A SiteM routes messages to their proper destination. Similar to SiteOs organization in a Tile (24), a collection of Tiles (24) is called Blocks (20). A Tile (24) can have messages destined to itself (i.e., coming from within the Tile (24) or outside the Tile (24)), called Tile messages and also have incoming messages destined for other Tiles (24) within the same row (called Local messages with respect to Blocks(20)) and same column (called Block messages).
The Gossip protocol is used to repair the problems caused by multicasting; it is a type of communication where a piece of information or gossip in this scenario, is sent from one or more nodes to a set of other nodes in a network. This is useful when a group of clients in the network require the same data at the same time. But there are many problems that occur during multicasting, if there are many nodes present at the recipient end, latency increases; the average time for a receiver to receive a multicast and latency is unwanted in computing processing.
To get this multicast message or gossip across the desired targets in the group, the gossip protocol sends out the gossip periodically to random nodes in the network, once a random node receives the gossip, it is said to be infected due to the gossip. In a manner similar to the way epidemics spread, the random node that receives the gossip does the same thing as the sender, it sends multiple copies of the gossip to random targets. This process continues until the target nodes get the multicast. When that occurs, and with reference to an epidemic, the process turns the “infected nodes” to “uninfected nodes” after sending the gossip out to random nodes.
Applicant's computer architecture can be applied to implement machine learning, artificial intelligence algorithms and FFPGAs. Central to the approach is the mimic of gossip behavior, where each person/entity talks to its neighbor and the message passes to the end through side talks instead of using direct communication.

Claims

1. A reconfigurable computer architecture, including:

a reconfigurable chip;

wherein nodes are interconnected using a virtual interconnection;

wherein each node stores a source address and a destination address;

wherein the nodes communicate with one another using message passing.

2. The reconfigurable computer architecture of claim 1, wherein the reconfigurable computer architecture includes a Probabilistic Magneto-Electric Computing framework.

3. The reconfigurable computer architecture of claim 1, wherein the reconfigurable computer architecture includes a Probabilistic Magneto-Electric Computing processor.

4. The reconfigurable computer architecture of claim 1, wherein the reconfigurable computer architecture facilitates segmentation of tasks to distributed parallel units.

5. The reconfigurable computer architecture of claim 1, wherein the reconfigurable computer architecture is reconfigurable at run-time.

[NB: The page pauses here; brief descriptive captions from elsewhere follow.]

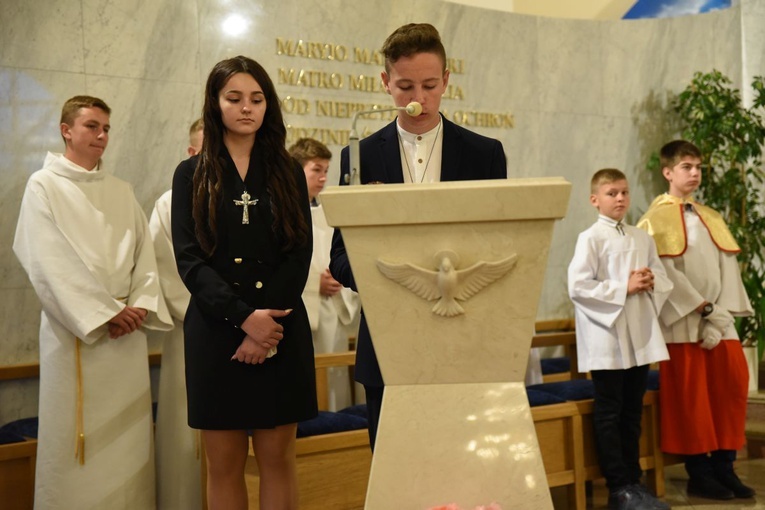 Bierzmowanie w Przydonicy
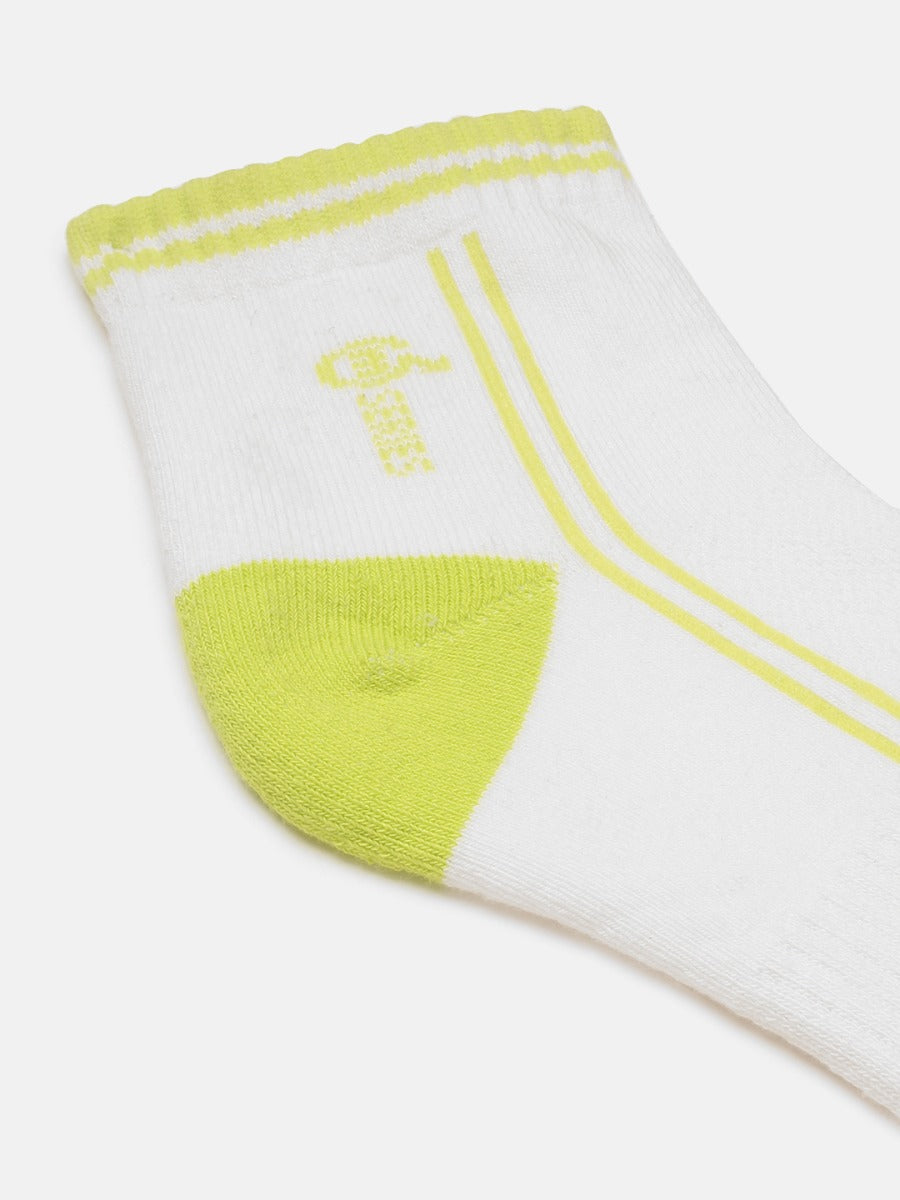 Sports Designer Ankle Length Socks | M6400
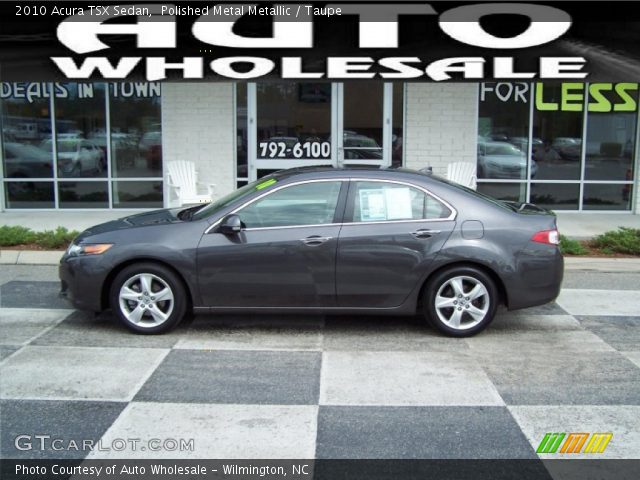 2010 Acura TSX Sedan in Polished Metal Metallic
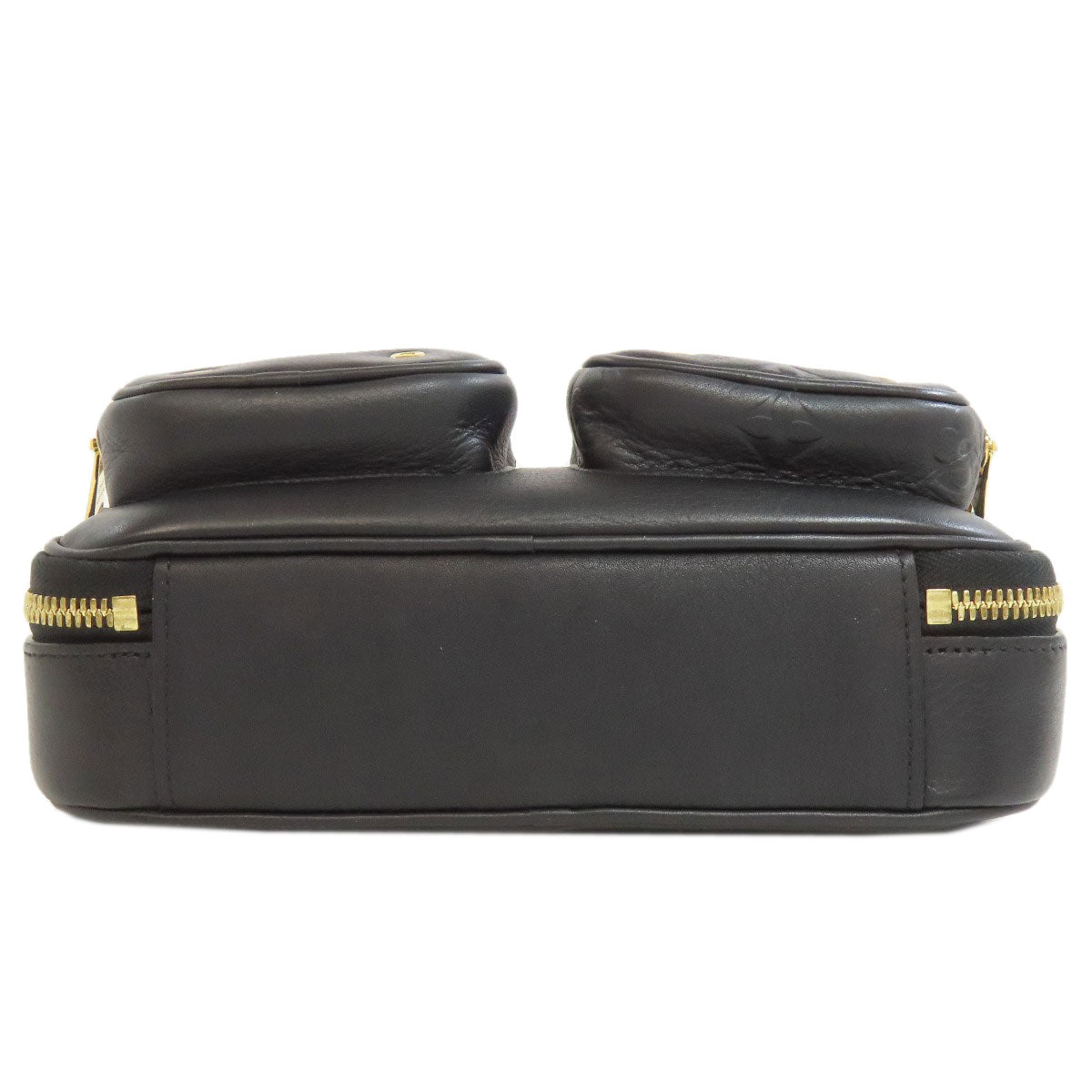 LOUIS VUITTON Handbag Calfskin black Utility crossbody
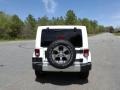 Bright White - Wrangler Sahara 4x4 Photo No. 7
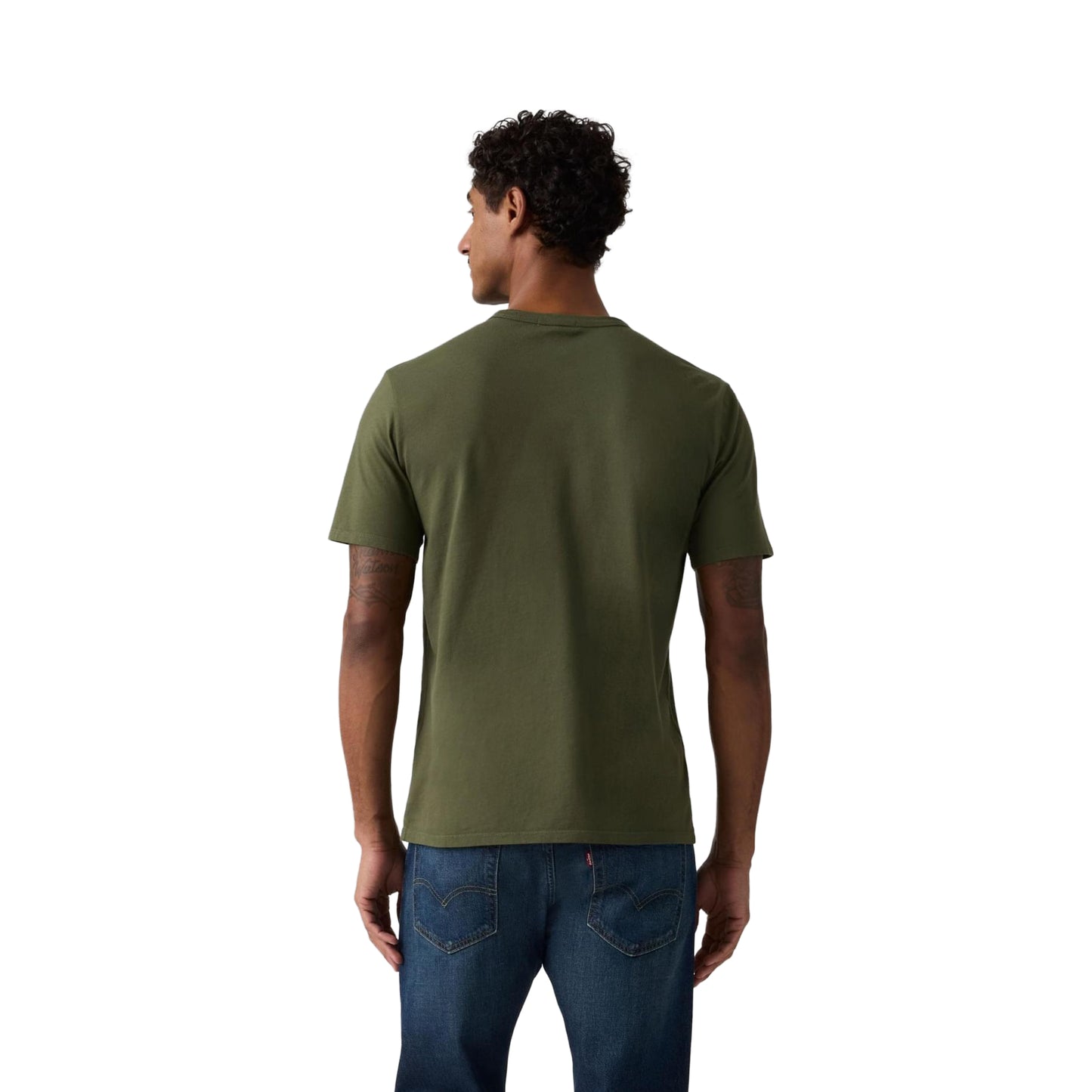Levis The Original Tee Garment Dye Deep Depths  - 005GX-0011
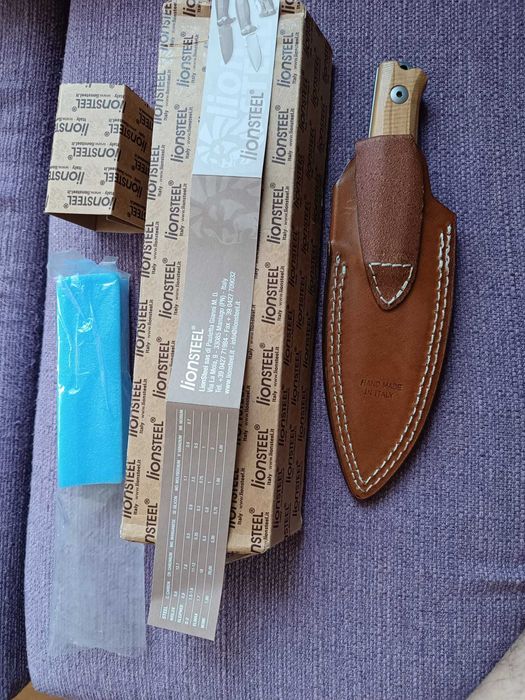 Нож LionSteel B41 Santos B41-ST за бушкрафт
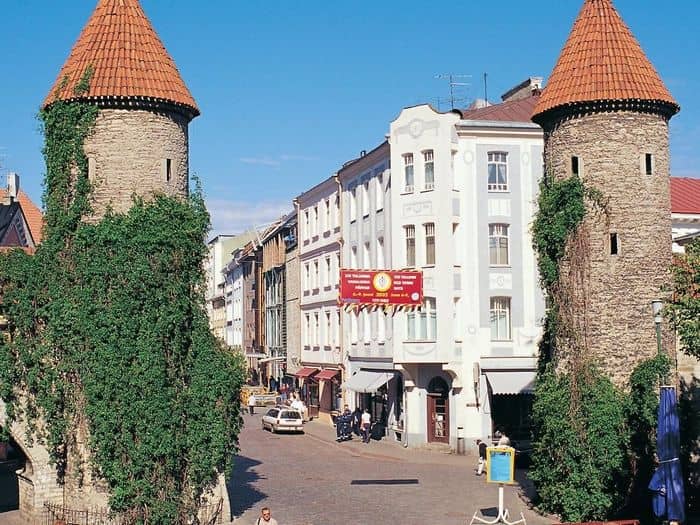 Gateway to Old Town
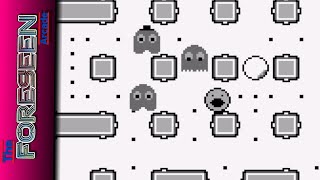 Pac-Man Escape - Game Boy Hack Gameplay
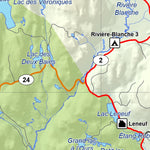 Réserve faunique de Portneuf : Carte de chasse au petit gibier (Quotidienne) Preview 2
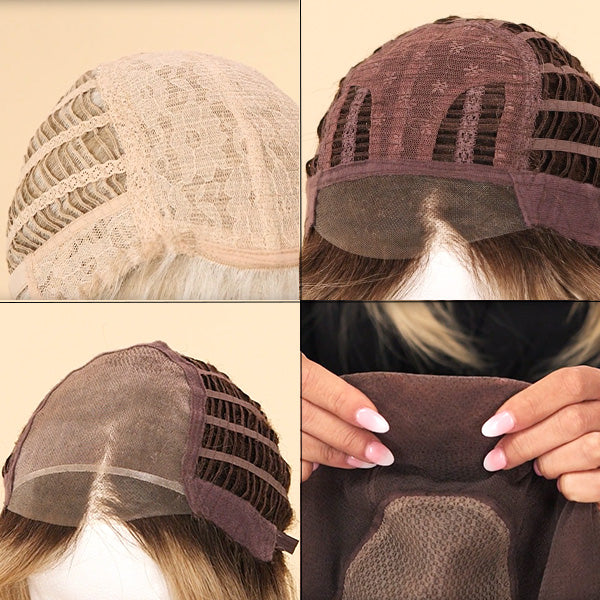 Wig store cap construction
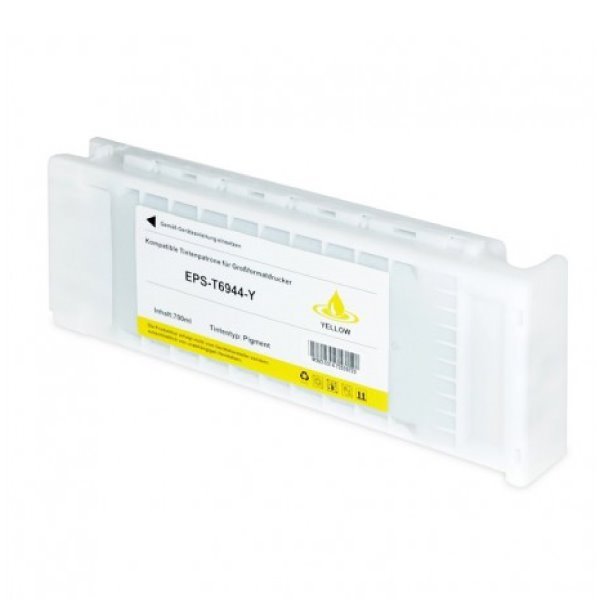 Tinteiro compatível Epson t6944 / t6924 / t6934 amarelo tinta pigmentada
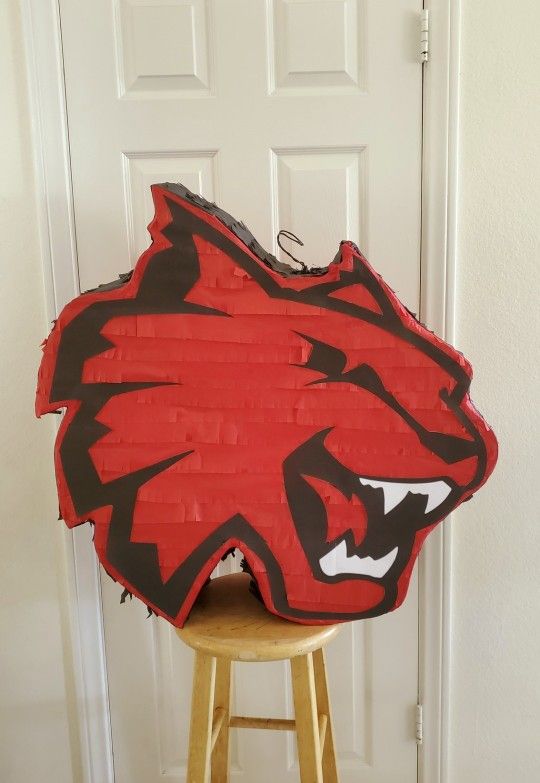 Bobcat Logo Pinata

6. The reconfigurable computer architecture of claim 1, wherein any computing core can be connected to another at run-time.

7. The reconfigurable computer architecture of claim 1, wherein the node corresponds to a Site.

8. The reconfigurable computer architecture of claim 1, wherein message passing corresponds to a gossip protocol, wherein messages are sent randomly to receiver nodes, wherein the receiver nodes then send the messages to other receiver nodes until a target node receives the message.